What I can’t deny is that my younger self, my younger far more insecure self, a self who wanted to fit in, was, at times, greatly uncomfortable that all too often he didn’t fit in. Now I really don’t give a shit (believe me, in fact, I often make a virtue of it), but it was not always like that.


At nine, at the beginning of June in 1959 this little British kid - British because his father was English - was whisked away with his older brother, and his younger sister and brother to live in Berlin, where their father had been appointed the BBC’s representative. (Quite why the BBC needed a representative in Berlin at the time when it also had a correspondent, one Charles Wheeler and quite how much my father’s work dictated by the needs and demands of Her Majesty’s security services is for another blog entry.)

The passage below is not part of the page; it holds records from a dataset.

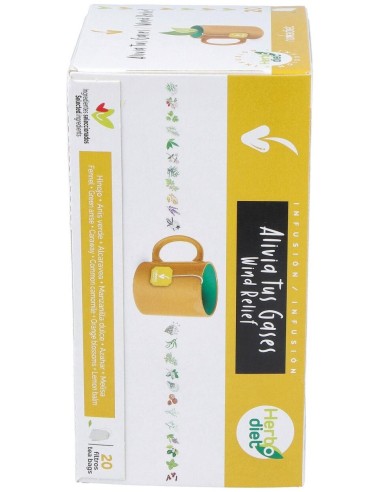 Herbodiet Alivia Tus Gases Envase de 20 bolsitas filtro de 1,5 g. de Novadiet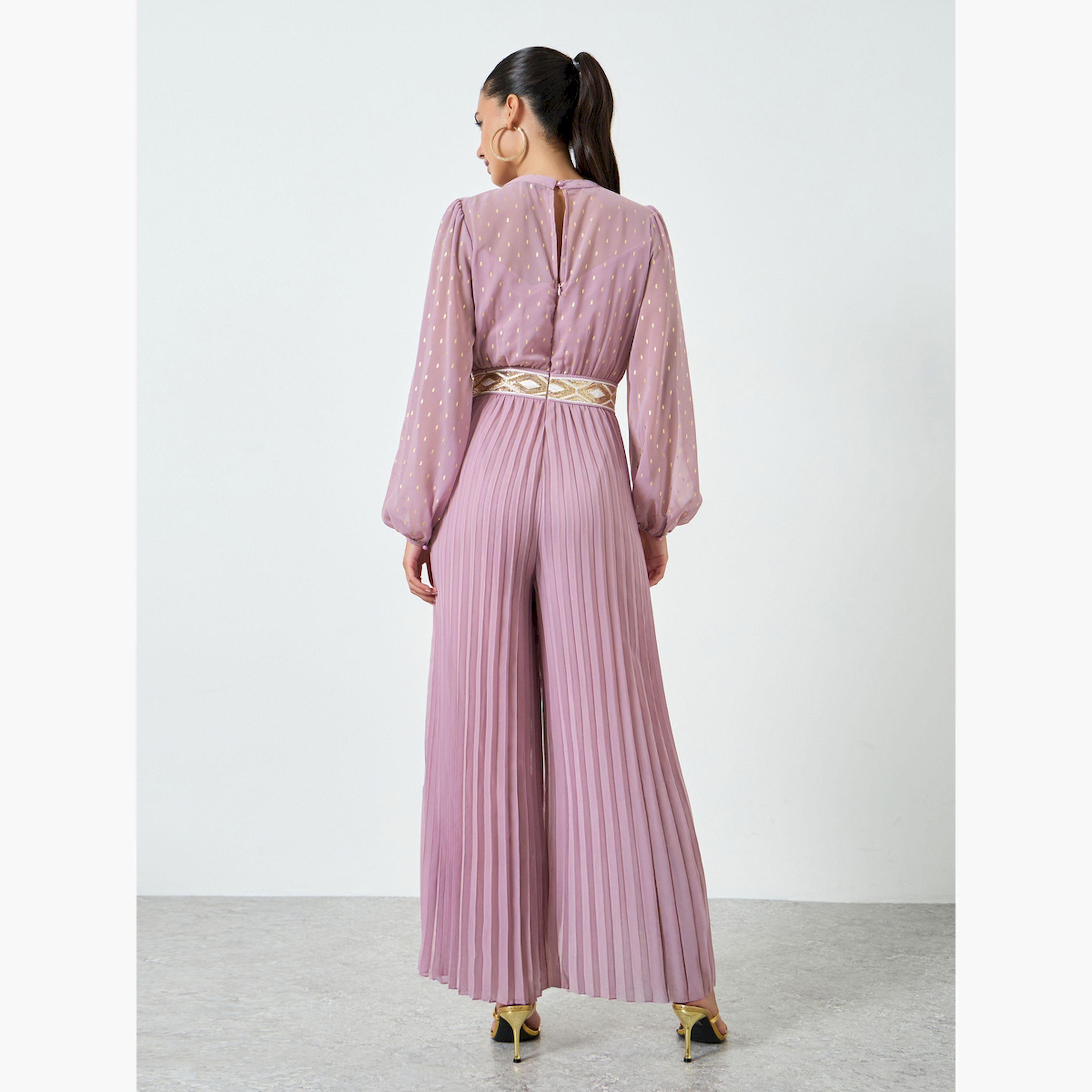 جمبسوت بكسرات وأرجل واسعة وتفاصيل لوريكس-women-clothing-jumpsuits-image-3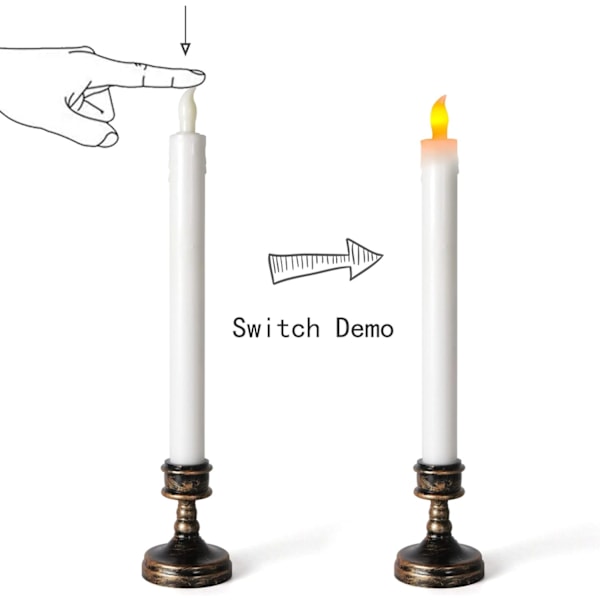 Batteridrevne spidslys med holder Flimrende varmt gult flammefri lys Dekoration (2 stk. hvid)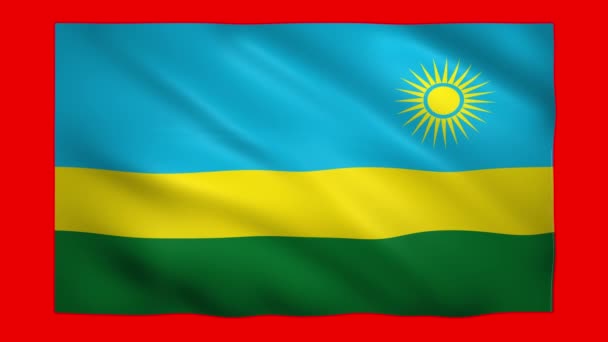 Drapeau Rwanda sur écran vert pour clé chromatique — Video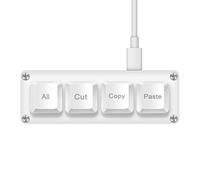 SAYODEVICE Copia Incolla Mini Tasto di scelta rapida Tastiera Macro Lavoro Ufficio Tastiera OSU Giochi Ritmici Tastiera Gaming USB Wired Keyboard Hot-Swap Tastiera Meccanica (Bianco 4 Tasti)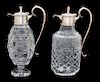 Two Silver Plate Mounted Cut Crystal Decanters Height 11 3/4 inches.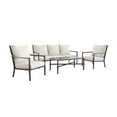 thumbnail image 1 of My Texas House Cambria 4-Piece Outdoor Patio Conversation Set, Black/Cream, 1 of 9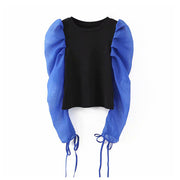 Sweet patchwork long puff sleeve top
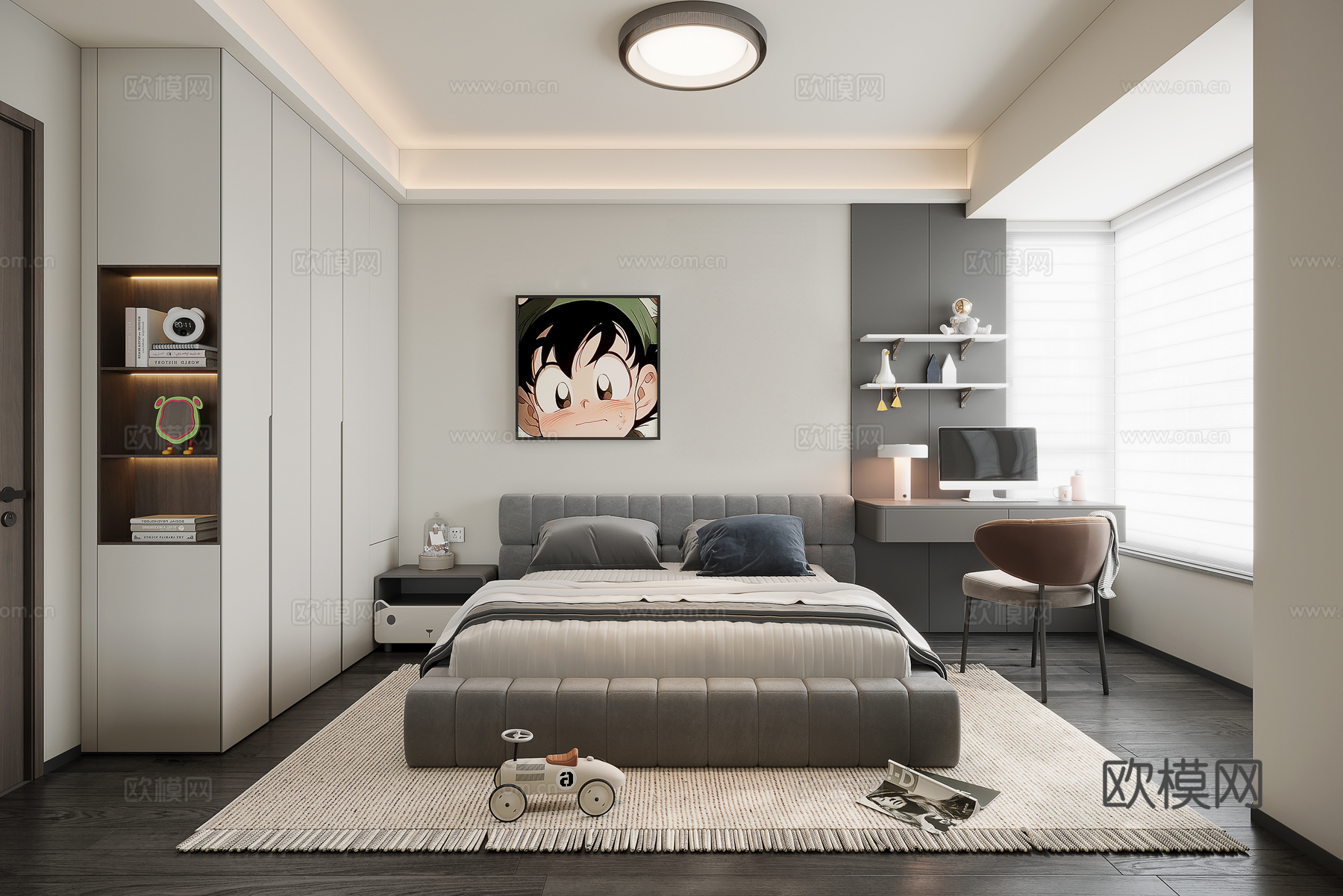 现代简约男孩房3d模型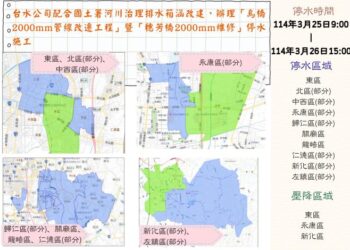 台水公司辦理永康區烏橋2000mm管改遷暨穗芳橋2000mm維修施工自本(114)年3月25日起10行政區停水、壓降30小時 台水公司辦理永康區烏橋2000mm管改遷暨穗芳橋2000mm維修施工自本(114)年3月25日起10行政區停水、壓降30小時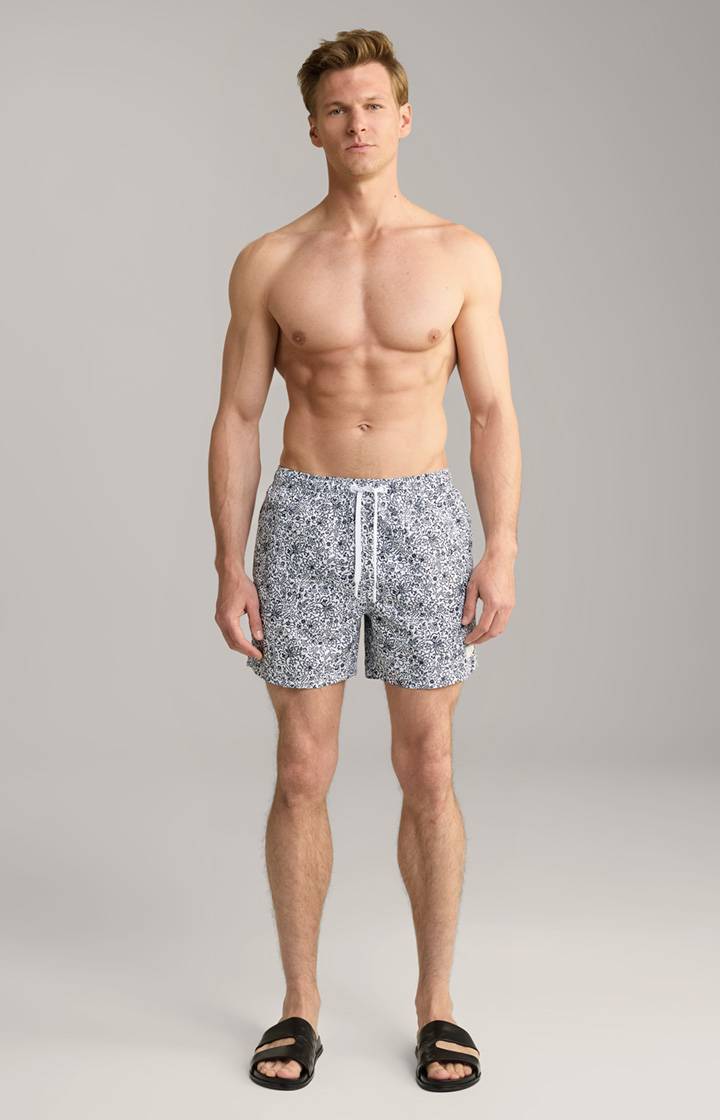 Joop Badeshorts Palolem Beach in Weiß/Blau gemustert Fabrik Onlineshop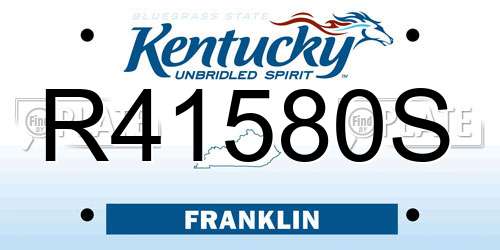 R41580S Kentucky License Plate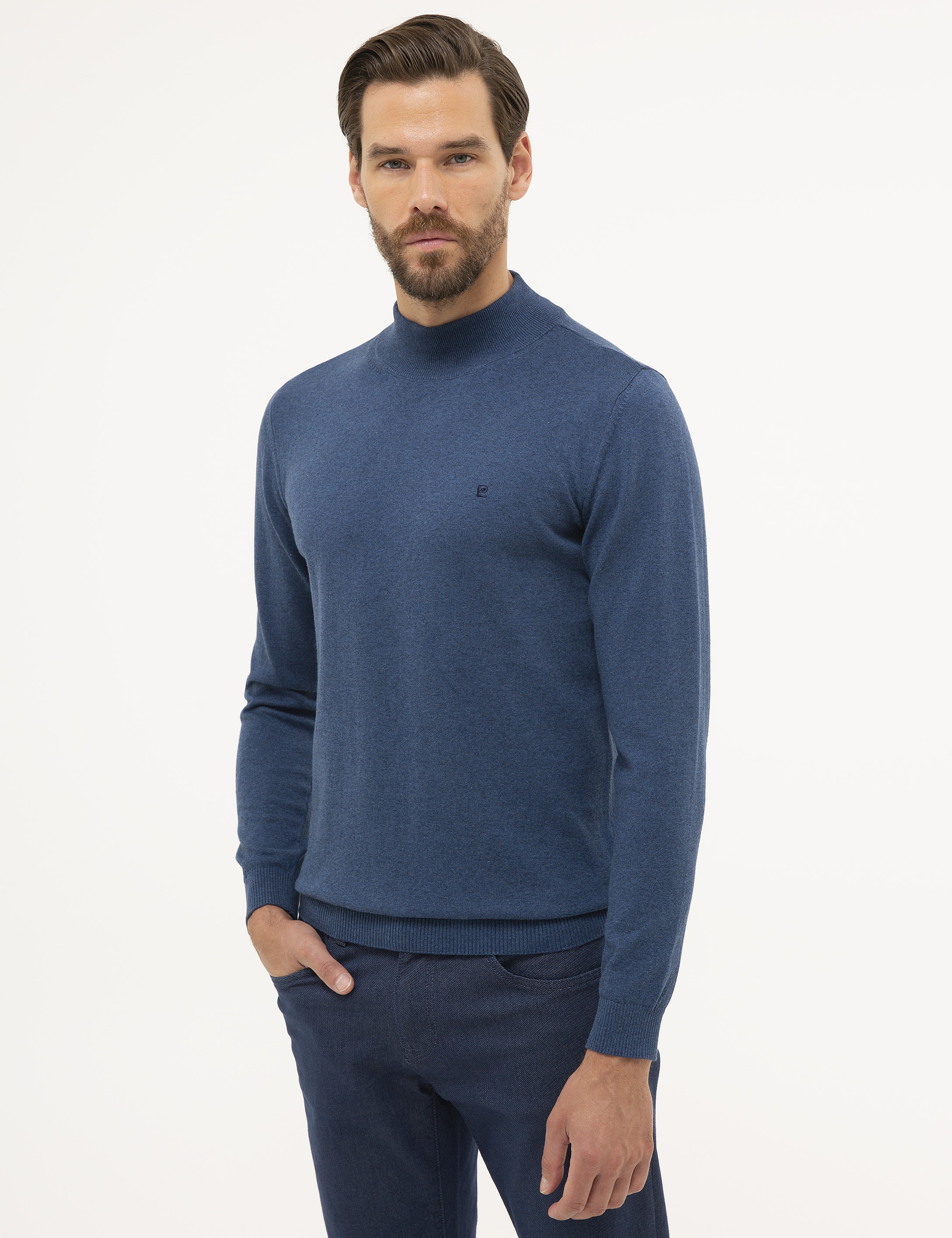 İndigo Mavi Melanj Slim Fit Yarım Balıkçı Yaka Basic Triko Kazak - Image 3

We - my mother was part of the party - were met at Templehof airport by my father, and there exists somewhere are rather touching photo of the six of us walking throught the arrivals hall, taken, I should imagine, by some photographer of other who made his living taking pictures of groups such as our in the hope that we would be a copy or two of his picture. I can’t think where it is, but suspect my sister might have it. (Please advise me on this, Marianne.)

My father took his newly arrived family to the flat the BBC had rented for us in the Olympischer Straße, in Berlin-Charlottenburg, that was just opposite the ‘minor’ exit of the Neu-Westend U-Bahn station. We lived there for a few months before we moved to a house on the Heerstraße (no 115). We arrived at the beginning of June and as the German term didn’t end until several weeks later, I was enrolled at Die Steubenschule down the road, a German Grundschule (primary school) after I had attended just one day at an English school set up for Army and diplomats’ children and didn’t like it.

A few months later, we moved from the flat to a house in the Heerstraße (number 115), where we lived for the next four years. In April 1960 I was enrolled in the Jesuit Das Canisius Kolleg in Berlin-Tiergarten where my older brother had been since the year before. But this entry is not about Berlin, me or my family’s time there. I only mention Berlin because when four years later my father went back to work in London and we all move back to Henley-on-Thames, I was to all intent and purposes a young German lad who happened to speak English without an accent.

As (as I believe) the years of our late childhood and early adolescence have a particularly important bearing on our psychological make-up, I believe those four years in Berlin from when I was nine and a half until I was 13 and a half have formed my personality ever since. And crucially, being a German lad, and the Germans, whatever else their faults and hang-ups, being rather less - make that a lot less - concerned with bloody ‘class’ than the British cousins, I, too, had very vague notions, if any at all, about what ‘class’ was, and cared even less.

I did, however, like all children at that delicate age between outright childhood and the first squalls of puberty, want to fit in. The trouble was that I didn’t. I didn’t fit in in the slightest. From the relative innocence of live at my German Jesuit college, where the emphasis had been on what I now realise were the positives in life, I was enrolled at The Oratory School, where, if I remember, the emphasis, at least among us boys, was on rebellion, disruption, confusion.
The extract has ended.